Alcolumbre encomenda ‘dossiê’ de caso Lulinha na CPI antes de tomar decisão sobre anulação de quebra de sigilo

Foto: Brenno Carvalho / Agência O Globo

O presidente do Senado Federal, Davi Alcolumbre (União-AP), determinou a elaboração de relatórios técnicos antes de decidir se mantém ou anula a votação da CPI do INSS que aprovou a quebra de sigilo de Fábio Luís Lula da Silva, o Lulinha.

A Polícia Legislativa, a Secretaria-Geral da Mesa e a Advocacia do Senado irão analisar imagens, registros da sessão e o regimento interno. Enquanto isso, os requerimentos aprovados seguem em tramitação e já foram encaminhados às autoridades.

Após a sessão, parlamentares governistas pediram a anulação da votação, alegando erro na contagem dos votos. Alcolumbre solicitou que as reclamações fossem formalizadas com provas documentais. O pedido foi protocolado com cerca de 12 páginas de anexos, mas não há prazo para decisão.

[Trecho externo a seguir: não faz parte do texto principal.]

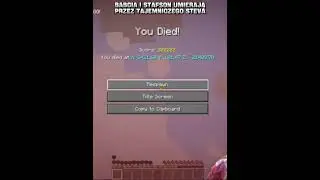 BabciaMarysia I Stafson💀 #minecraft #anarchiasmp #memes #edit #4fun #gaming #video #funny #viral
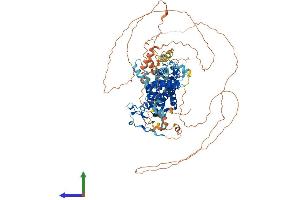 Protein Structure (PS) image for Zinc Finger, FYVE Domain Containing 28 (ZFYVE28) (AA 1-905) protein (His tag) (ABIN7564159)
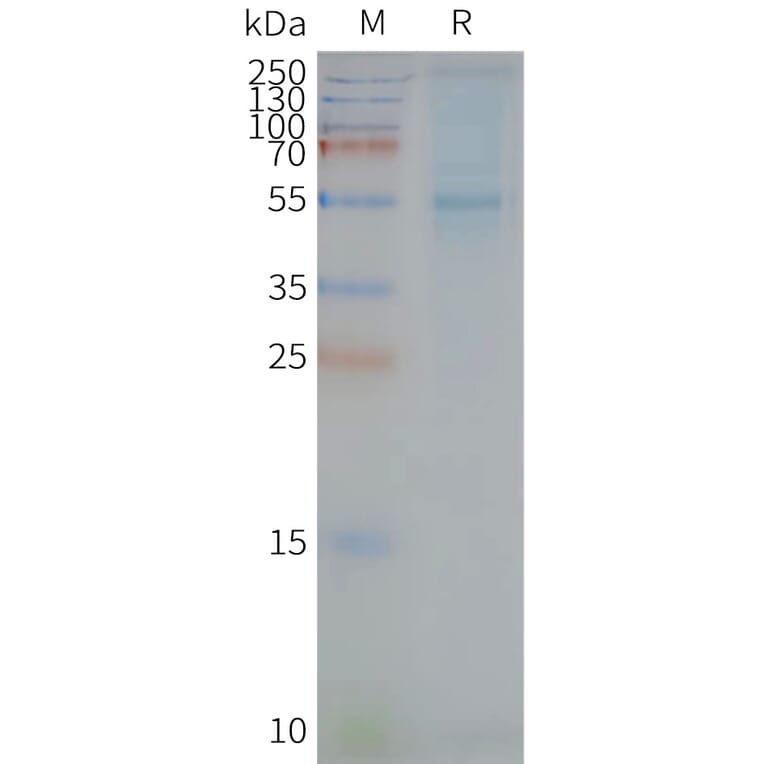 SDS-PAGE - Synthetic Nanodisc Human STEAP2 Protein (A318457) - Antibodies.com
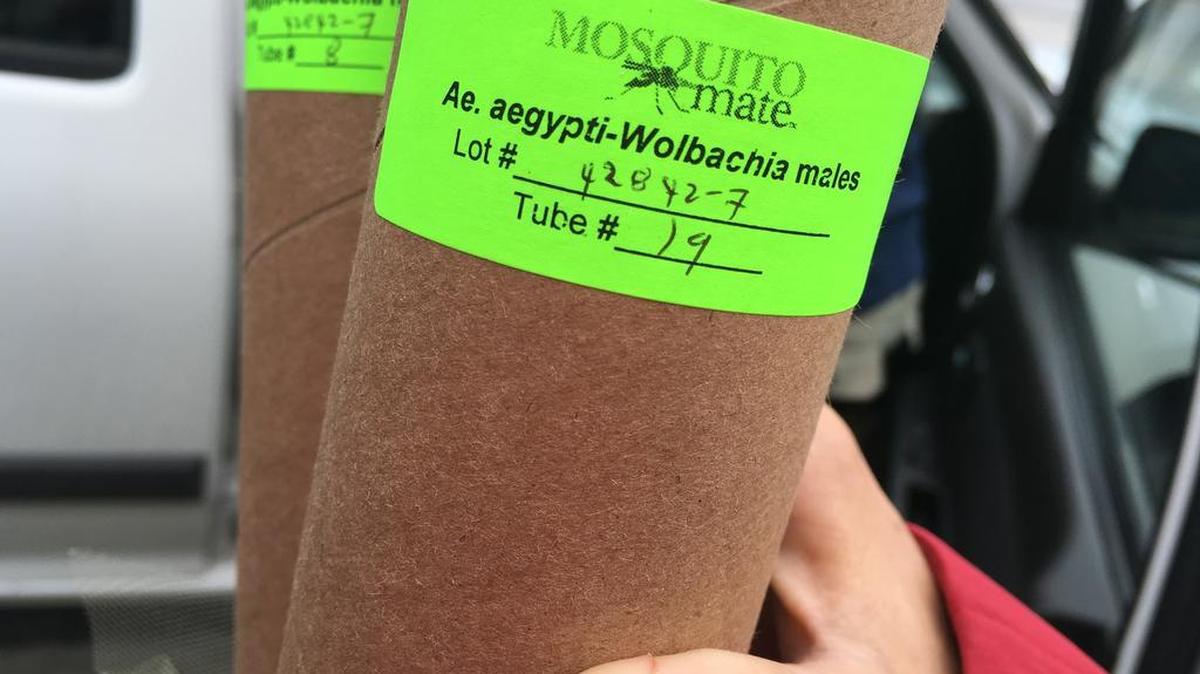 A tube containing bacteria-infected male mosquitoes. The mosquitoes bred by a Kentucky-based company are infected with the naturally occurring Wolbachia bacteria. When the lab-bred mosquitoes mate with wild female mosquitoes the offspring don’t survive adulthood.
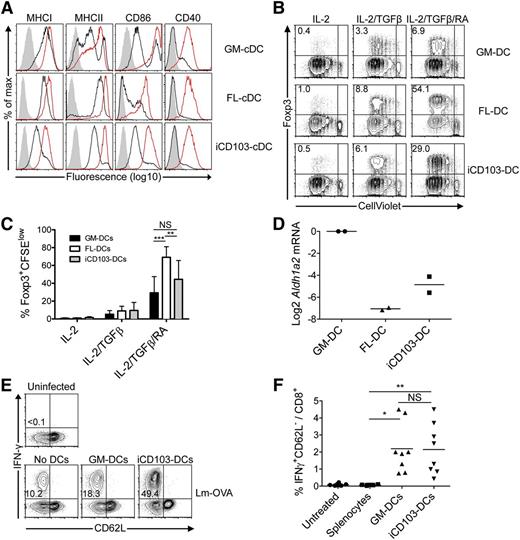 Figure 6. iCD103-DCs are not specialized to induce tolerance. (A) DC maturation marker expression among CD11c+ GM-DCs or CD11c+B220– FL-cDCs and CD11c+B220– iCD103-cDCs in the presence or absence of overnight CpG stimulation. Unstimulated (solid black lines), CpG-stimulated (solid red lines), and isotype control stainings (gray overlay) are shown. (B-C) CellViolet-labeled CD4+ Rag1−/− × OTII T cells were co-cultured with GM-DCs (upper panel), FL-DCs (middle panel), or iCD103-DCs (lower panel) in the presence of OVA323-339 peptide, IL-2, and combinations of TGFβ and RA. After 5 days, cells were analyzed by flow cytometry. (B) Plots display CellViolet dilution vs Foxp3 expression among CD4+ cells. (C) Quantification of proliferated Foxp3+ cells in different culture conditions. Mean + SD is shown. **P < .01, ***P < .001; NS, not significant; 2-way analysis of variance with Bonferroni’s post-test. (D) Relative Aldh1a2 expression among GM-DCs, FL-DCs, and iCD103-DCs is shown normalized to Hprt and GM-DCs. Results show 2 independent cDNA preparations. (E-F) Naïve WT mice were injected intravenously (IV) with equal numbers of OVA257-264-pulsed FACS-sorted CD11c+ GM-DCs or CD103hiCD11c+B220– iCD103-DCs. Mice were infected 8 days later IV with 5 × 103 colony-forming units (CFU) Lm-OVA. Seven days post infection, splenocytes were restimulated with OVA257-264 to determine the antigen-specific CD8+ T-cell response. (E) Representative plots display CD62L vs interferon (IFN)-γ expression among restimulated CD8+ T cells. (F) Quantification of IFN-γ–secreting CD8+ T cells. Results are representative of 2 to 5 (A), 4 (B), or 2 (D-F) independent experiments. Data were combined from 4 independent experiments with individual culture preparations (C) or 2 independent experiments with 4 to 5 mice per experimental group (F). *P < .05, **P < .005; NS, not significant; 2-tailed Mann-Whitney U test.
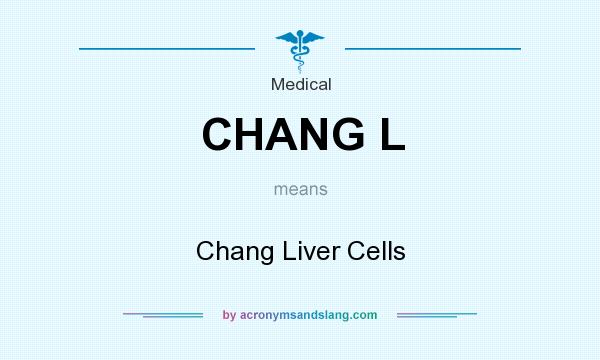 What does CHANG L mean? It stands for Chang Liver Cells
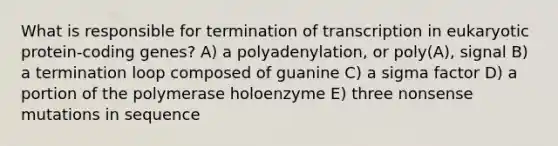 What is responsible for termination of transcription in eukaryotic protein-coding genes? A) a polyadenylation, or poly(A), signal B) a termination loop composed of guanine C) a sigma factor D) a portion of the polymerase holoenzyme E) three nonsense mutations in sequence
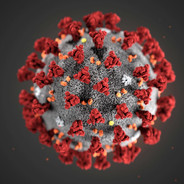 Coronga Virus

A controvérsia começou quando a CPI votou em bloco 87 requerimentos. Na votação nominal, houve 18 votos favoráveis e 12 contrários. Em seguida, o presidente da comissão, Carlos Viana, conduziu nova votação simbólica.

Governistas afirmam que houve quórum suficiente para barrar o pacote. Viana sustenta que o quórum válido era o da votação anterior, o que manteria a aprovação. A oposição defende que o procedimento seguiu o regimento.